Variationally correct operator learning: Reduced basis neural operator with a posteriori error estimation
Yuan Qiu, Wolfgang Dahmen, Peng Chen
TL;DR
This paper advances operator learning for parametric PDEs by enforcing variational correctness through First-Order System Least-Squares losses, enabling PDE-compliant residuals that tightly bound solution errors. It introduces a Reduced Basis Neural Operator (RBNO) that learns coefficients in a conforming POD basis, ensuring stability by construction while maintaining training efficiency. A rigorous error decomposition shows total error bounds comprising FE discretization bias, RB projection error, neural approximation error, and sampling/optimization effects, with the residual serving as a computable a posteriori estimator. Numerical experiments on diffusion and linear elasticity demonstrate superior PDE-norm accuracy and effective error estimation, while RBNO outperforms data-driven baselines like PCA-Net and FNO in variationally meaningful metrics.
Abstract
Minimizing PDE-residual losses is a common strategy to promote physical consistency in neural operators. However, standard formulations often lack variational correctness, meaning that small residuals do not guarantee small solution errors due to the use of non-compliant norms or ad hoc penalty terms for boundary conditions.

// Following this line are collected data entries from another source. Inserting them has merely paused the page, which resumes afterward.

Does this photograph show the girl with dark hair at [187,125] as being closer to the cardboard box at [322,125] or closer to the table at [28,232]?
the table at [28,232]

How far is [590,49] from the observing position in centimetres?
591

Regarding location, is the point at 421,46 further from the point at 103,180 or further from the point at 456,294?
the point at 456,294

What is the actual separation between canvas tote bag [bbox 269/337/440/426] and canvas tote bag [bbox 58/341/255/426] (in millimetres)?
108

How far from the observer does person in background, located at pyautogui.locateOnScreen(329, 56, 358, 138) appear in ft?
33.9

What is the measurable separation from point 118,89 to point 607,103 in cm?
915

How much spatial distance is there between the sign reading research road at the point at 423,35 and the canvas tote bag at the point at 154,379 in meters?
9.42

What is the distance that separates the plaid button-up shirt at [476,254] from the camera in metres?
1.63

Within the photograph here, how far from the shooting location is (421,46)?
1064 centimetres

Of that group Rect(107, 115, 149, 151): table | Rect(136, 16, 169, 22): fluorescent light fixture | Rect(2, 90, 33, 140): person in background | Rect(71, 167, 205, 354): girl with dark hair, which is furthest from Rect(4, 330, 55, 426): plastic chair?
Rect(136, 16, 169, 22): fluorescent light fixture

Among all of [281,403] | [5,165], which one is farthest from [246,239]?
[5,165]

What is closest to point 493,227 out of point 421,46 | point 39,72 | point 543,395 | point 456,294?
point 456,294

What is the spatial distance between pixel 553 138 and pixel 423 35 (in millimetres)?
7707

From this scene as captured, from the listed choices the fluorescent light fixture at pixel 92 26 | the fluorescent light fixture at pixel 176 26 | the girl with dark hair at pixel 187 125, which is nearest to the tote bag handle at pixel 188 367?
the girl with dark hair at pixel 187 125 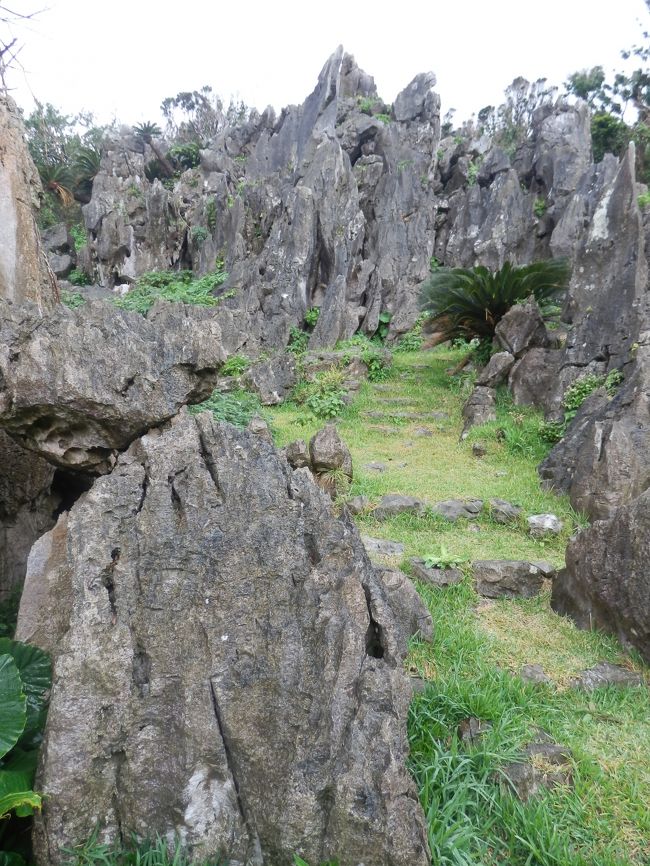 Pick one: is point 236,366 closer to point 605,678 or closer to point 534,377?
point 534,377

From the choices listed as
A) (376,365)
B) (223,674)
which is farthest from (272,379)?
(223,674)

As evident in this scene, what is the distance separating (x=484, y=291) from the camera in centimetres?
1051

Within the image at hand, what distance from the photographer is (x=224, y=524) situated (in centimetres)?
263

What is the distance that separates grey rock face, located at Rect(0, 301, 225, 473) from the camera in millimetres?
2883

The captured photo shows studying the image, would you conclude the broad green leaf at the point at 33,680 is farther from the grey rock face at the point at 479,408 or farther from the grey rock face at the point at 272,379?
the grey rock face at the point at 272,379

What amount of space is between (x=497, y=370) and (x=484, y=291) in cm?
183

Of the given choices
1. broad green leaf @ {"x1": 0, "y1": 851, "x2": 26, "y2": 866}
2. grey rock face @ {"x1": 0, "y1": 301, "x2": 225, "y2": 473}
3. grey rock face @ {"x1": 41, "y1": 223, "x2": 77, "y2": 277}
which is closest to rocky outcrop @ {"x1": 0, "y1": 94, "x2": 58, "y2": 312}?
grey rock face @ {"x1": 0, "y1": 301, "x2": 225, "y2": 473}

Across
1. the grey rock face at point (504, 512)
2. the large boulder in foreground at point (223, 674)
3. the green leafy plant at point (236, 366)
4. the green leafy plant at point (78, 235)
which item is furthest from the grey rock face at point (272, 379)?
the green leafy plant at point (78, 235)

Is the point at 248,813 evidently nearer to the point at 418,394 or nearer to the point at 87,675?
the point at 87,675

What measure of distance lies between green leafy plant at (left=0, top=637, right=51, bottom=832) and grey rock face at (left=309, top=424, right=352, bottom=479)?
428 centimetres

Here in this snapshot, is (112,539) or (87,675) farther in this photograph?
(112,539)

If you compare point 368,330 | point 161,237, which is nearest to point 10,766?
point 368,330

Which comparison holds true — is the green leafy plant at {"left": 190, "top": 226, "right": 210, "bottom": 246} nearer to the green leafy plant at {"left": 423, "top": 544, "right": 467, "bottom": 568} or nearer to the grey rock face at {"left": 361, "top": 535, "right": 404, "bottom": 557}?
the grey rock face at {"left": 361, "top": 535, "right": 404, "bottom": 557}

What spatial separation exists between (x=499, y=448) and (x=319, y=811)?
6510 mm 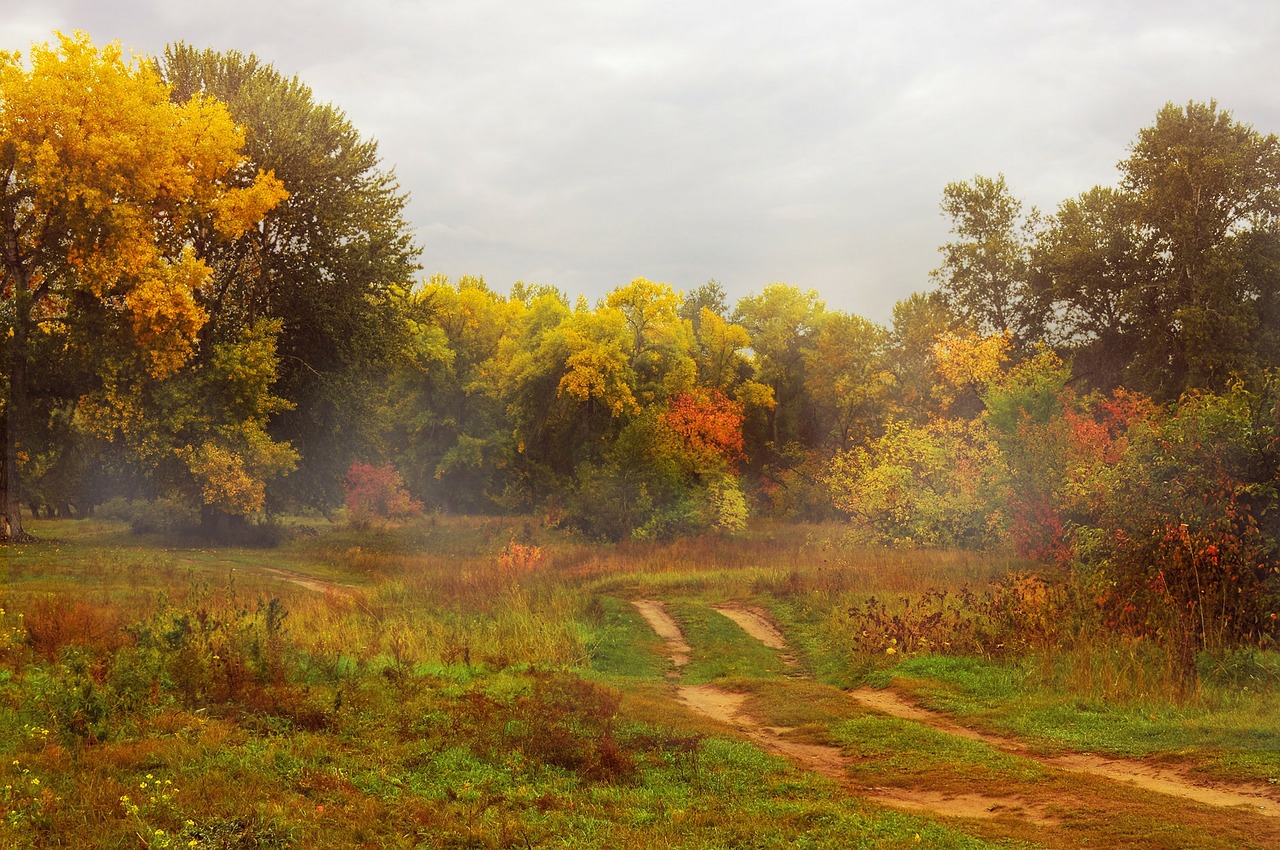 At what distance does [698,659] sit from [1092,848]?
35.8 ft

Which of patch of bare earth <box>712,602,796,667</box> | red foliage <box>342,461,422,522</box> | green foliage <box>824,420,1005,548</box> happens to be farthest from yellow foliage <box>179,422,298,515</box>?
green foliage <box>824,420,1005,548</box>

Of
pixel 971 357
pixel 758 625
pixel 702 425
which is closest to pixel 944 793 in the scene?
pixel 758 625

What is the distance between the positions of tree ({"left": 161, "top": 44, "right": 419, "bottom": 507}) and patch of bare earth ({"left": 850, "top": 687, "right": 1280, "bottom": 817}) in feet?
92.2

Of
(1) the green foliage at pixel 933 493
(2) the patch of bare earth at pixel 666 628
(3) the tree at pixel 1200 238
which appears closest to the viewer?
(2) the patch of bare earth at pixel 666 628

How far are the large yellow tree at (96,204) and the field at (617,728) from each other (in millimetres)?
10652

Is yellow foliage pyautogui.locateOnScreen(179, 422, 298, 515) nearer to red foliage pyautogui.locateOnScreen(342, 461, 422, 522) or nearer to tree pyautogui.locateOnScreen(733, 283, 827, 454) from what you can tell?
red foliage pyautogui.locateOnScreen(342, 461, 422, 522)

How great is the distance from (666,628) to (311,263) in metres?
22.4

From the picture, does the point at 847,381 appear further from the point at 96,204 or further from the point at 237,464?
the point at 96,204

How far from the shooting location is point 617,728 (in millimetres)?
10445

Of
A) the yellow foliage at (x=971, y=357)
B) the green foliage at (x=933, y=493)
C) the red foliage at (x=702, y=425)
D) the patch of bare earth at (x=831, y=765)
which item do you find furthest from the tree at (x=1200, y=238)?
the patch of bare earth at (x=831, y=765)

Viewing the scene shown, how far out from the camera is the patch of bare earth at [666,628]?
1795 centimetres

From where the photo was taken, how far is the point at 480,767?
8.93 metres

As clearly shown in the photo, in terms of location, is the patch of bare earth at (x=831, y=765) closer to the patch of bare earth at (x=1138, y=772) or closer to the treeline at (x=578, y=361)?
the patch of bare earth at (x=1138, y=772)

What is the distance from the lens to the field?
7.25 meters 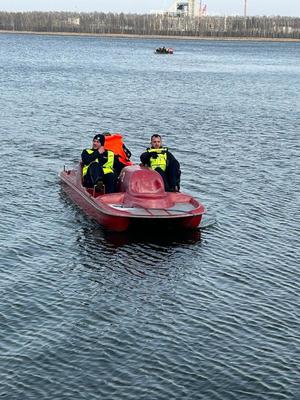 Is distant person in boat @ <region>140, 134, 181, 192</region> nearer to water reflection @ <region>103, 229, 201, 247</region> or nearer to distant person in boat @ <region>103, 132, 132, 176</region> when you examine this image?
distant person in boat @ <region>103, 132, 132, 176</region>

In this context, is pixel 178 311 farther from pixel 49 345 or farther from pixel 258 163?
pixel 258 163

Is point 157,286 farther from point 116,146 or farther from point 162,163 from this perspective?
point 116,146

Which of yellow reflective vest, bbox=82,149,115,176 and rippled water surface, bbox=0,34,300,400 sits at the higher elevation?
yellow reflective vest, bbox=82,149,115,176

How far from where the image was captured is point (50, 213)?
28344mm

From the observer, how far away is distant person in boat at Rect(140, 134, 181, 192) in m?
27.3

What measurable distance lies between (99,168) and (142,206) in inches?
102

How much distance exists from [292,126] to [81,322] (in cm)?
3683

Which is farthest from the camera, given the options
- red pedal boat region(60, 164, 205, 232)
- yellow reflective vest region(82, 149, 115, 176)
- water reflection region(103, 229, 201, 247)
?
yellow reflective vest region(82, 149, 115, 176)

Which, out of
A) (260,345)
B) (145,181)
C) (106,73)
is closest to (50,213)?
(145,181)

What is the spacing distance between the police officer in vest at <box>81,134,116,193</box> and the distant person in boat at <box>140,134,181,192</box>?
45.0 inches

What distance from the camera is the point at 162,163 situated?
89.9 feet

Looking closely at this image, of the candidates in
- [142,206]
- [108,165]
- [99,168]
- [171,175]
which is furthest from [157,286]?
[108,165]

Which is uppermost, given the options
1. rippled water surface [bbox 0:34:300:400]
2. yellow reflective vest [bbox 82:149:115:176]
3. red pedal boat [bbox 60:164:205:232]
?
yellow reflective vest [bbox 82:149:115:176]

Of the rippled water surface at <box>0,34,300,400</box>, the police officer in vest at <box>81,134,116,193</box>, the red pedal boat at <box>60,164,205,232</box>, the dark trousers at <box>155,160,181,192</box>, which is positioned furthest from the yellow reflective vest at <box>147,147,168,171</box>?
the rippled water surface at <box>0,34,300,400</box> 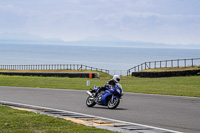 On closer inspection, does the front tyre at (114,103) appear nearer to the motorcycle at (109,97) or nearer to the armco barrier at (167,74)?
the motorcycle at (109,97)

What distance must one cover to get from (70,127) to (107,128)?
102 cm

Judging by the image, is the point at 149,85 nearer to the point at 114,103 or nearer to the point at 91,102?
the point at 91,102

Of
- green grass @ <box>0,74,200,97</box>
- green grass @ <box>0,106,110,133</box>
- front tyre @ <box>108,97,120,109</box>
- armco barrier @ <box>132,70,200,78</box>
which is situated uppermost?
armco barrier @ <box>132,70,200,78</box>

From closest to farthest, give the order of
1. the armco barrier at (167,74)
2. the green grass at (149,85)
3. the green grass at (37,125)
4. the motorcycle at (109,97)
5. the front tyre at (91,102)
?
1. the green grass at (37,125)
2. the motorcycle at (109,97)
3. the front tyre at (91,102)
4. the green grass at (149,85)
5. the armco barrier at (167,74)

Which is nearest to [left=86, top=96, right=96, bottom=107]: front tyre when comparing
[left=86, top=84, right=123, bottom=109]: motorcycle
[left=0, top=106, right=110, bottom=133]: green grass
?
[left=86, top=84, right=123, bottom=109]: motorcycle

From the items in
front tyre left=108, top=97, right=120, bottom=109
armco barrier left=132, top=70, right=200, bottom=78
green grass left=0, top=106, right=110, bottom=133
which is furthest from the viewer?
armco barrier left=132, top=70, right=200, bottom=78

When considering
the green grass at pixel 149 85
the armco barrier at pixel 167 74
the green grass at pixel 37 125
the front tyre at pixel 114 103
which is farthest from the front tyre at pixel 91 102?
the armco barrier at pixel 167 74

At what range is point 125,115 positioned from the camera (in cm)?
1307

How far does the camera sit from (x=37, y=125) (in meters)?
10.1

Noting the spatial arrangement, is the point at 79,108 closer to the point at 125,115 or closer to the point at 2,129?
the point at 125,115

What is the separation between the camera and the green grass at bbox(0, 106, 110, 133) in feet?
30.6

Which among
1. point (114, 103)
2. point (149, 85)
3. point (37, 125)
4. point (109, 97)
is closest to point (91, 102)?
point (109, 97)

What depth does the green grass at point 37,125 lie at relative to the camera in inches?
367

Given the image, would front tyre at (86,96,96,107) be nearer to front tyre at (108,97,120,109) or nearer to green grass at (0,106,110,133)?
front tyre at (108,97,120,109) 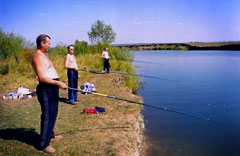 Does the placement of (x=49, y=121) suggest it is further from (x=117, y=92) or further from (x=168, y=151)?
(x=117, y=92)

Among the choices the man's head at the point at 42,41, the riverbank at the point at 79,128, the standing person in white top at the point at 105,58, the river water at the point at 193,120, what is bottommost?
the river water at the point at 193,120

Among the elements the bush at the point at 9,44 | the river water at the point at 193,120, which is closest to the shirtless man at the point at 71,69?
the river water at the point at 193,120

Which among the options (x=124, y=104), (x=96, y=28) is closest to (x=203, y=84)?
(x=124, y=104)

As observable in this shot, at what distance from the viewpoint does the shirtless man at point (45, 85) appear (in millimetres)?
4047

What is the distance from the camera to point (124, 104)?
27.5ft

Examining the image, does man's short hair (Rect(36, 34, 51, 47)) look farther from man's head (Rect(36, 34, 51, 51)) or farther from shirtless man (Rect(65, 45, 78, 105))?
shirtless man (Rect(65, 45, 78, 105))

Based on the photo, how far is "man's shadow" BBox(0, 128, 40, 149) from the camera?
506cm

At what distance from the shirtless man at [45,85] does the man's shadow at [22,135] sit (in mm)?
714

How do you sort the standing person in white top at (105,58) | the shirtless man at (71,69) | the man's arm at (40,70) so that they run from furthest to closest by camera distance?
the standing person in white top at (105,58) < the shirtless man at (71,69) < the man's arm at (40,70)

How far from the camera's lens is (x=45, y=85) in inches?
166

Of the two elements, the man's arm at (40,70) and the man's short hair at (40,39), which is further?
the man's short hair at (40,39)

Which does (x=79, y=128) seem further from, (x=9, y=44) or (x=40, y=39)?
(x=9, y=44)

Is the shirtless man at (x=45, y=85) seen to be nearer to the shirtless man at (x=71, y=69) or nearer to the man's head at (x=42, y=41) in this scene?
the man's head at (x=42, y=41)

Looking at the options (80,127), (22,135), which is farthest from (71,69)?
(22,135) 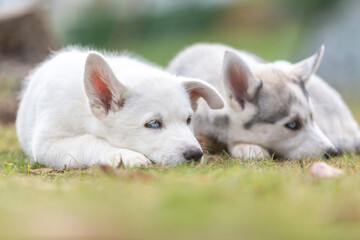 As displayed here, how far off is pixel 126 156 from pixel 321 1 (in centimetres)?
1831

This work develops a variationally correct operator learning framework by constructing first-order system least-squares (FOSLS) objectives whose values are provably equivalent to the solution error in PDE-induced norms. We demonstrate this framework on stationary diffusion and linear elasticity, incorporating mixed Dirichlet-Neumann boundary conditions via variational lifts to preserve norm equivalence without inconsistent penalties. To ensure the function space conformity required by the FOSLS loss, we propose a Reduced Basis Neural Operator (RBNO). The RBNO predicts coefficients for a pre-computed, conforming reduced basis, thereby ensuring variational stability by design while enabling efficient training. We provide a rigorous convergence analysis that bounds the total error by the sum of finite element discretization bias, reduced basis truncation error, neural network approximation error, and statistical estimation errors arising from finite sampling and optimization. Numerical benchmarks validate these theoretical bounds and demonstrate that the proposed approach achieves superior accuracy in PDE-compliant norms compared to standard baselines, while the residual loss serves as a reliable, computable a posteriori error estimator.